Self-seeking on the part of the disciples was disgusting to the Master. Oh, for the day when the office will seek the man rather than the man seek the office in the religious realm! Wire-pulling ecclesiasts often are more contemptible than wire-pulling politicians. ...
What constitutes greatness? It is not the office you hold but how well you do your work. Let the man honor the office rather than the office honor the man.
We reach the height of greatness by serving rather than by campaigning for promotion. Greatness consists in serving the most helpless, the most easily wronged, and those most likely to be neglected.
---William M. Woodfin, Pittsburgh Press, Pittsburgh, Pa., April 22, 1933.
Pride is a blind passion. ... Pride alienates one from the sympathy and love of others. No one can love a selfishly proud person. It blinds the eyes to the real conditions around, and its victim is in the clutches of Satan ere he is aware. It is a great weakness. The self-sufficient scholar "who knows it all" is not teachable.

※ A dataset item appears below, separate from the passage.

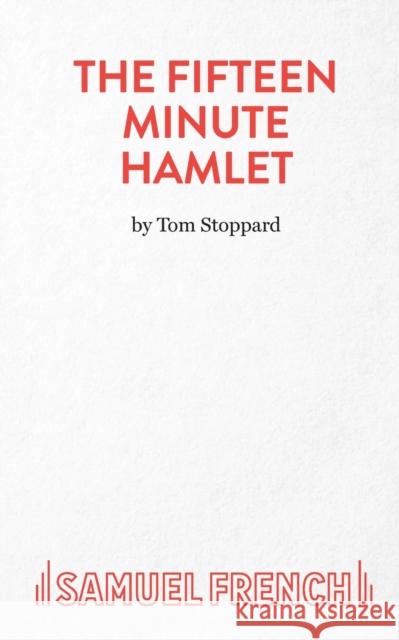 The Fifteen Minute Hamlet Tom Stoppard 9780573025068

Pride alienates one from God, for there is no way of approach to Him except through humility. Jesus was the humblest man the world has ever known. It was pride that caused the apostasy of Satan from the high standing of an arch-angel of God down to the open enemy of all righteousness.
---Charles T. Alexander, The Baptist Chronicle, Alexandria, La., May 4, 1911.

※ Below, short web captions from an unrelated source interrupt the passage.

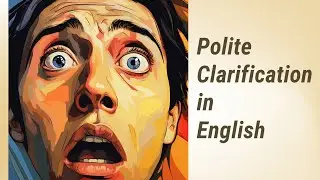 Mastering the Art of Polite Clarification in English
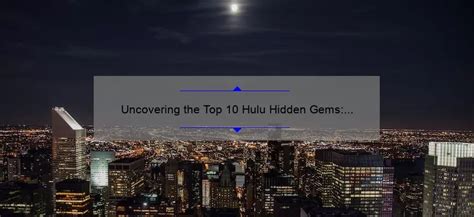 Uncovering The Top 10 Hulu Hidden Gems Stories Stats And Solutions For The Discerning Viewer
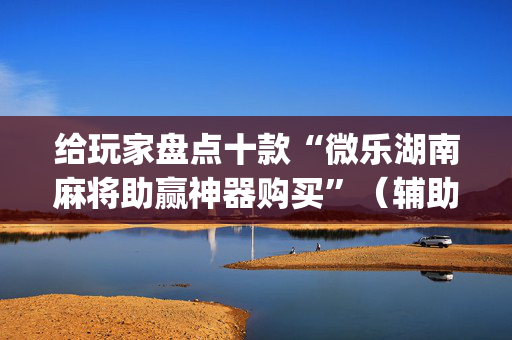 给玩家盘点十款“微乐湖南麻将助赢神器购买”（辅助神器免费)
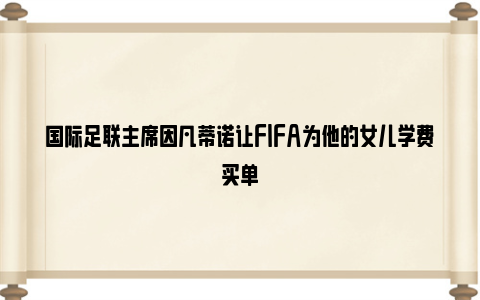 国际足联主席因凡蒂诺让FIFA为他的女儿学费买单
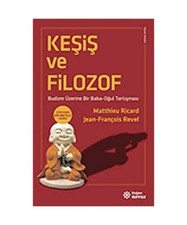 Kesis ve Filozof: Budizm Üzerine Bir Baba - Ogul Tartismasi, Matthieu Ricard, J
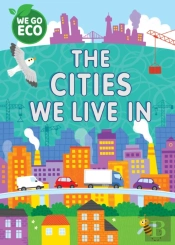 We Go Eco: The Cities We Live In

Pride crucifies the diviner impulses of our nature, and bars the doorway to true wisdom.
---William M. Anderson, Sr., Christian Observer, Louisville, Ky., May 27, 1896.
Pride, or self-exaltation, is the opposite of humility. It is never attractive to us in anybody, and certainly is no indicates a wrong conception of life and its opportunities, and improper, unjust appreciation of its duties and privileges, a narrowness of mind, and shallowness of heart that are to be condemned.
---William M. Anderson, Sr., Christian Observer, Louisville, Ky., May 27, 1896.
Pride is usually the cause of all great mistakes.
---William M. Anderson, Sr., Dallas Morning News, Dallas, Texas, April 24, 1921.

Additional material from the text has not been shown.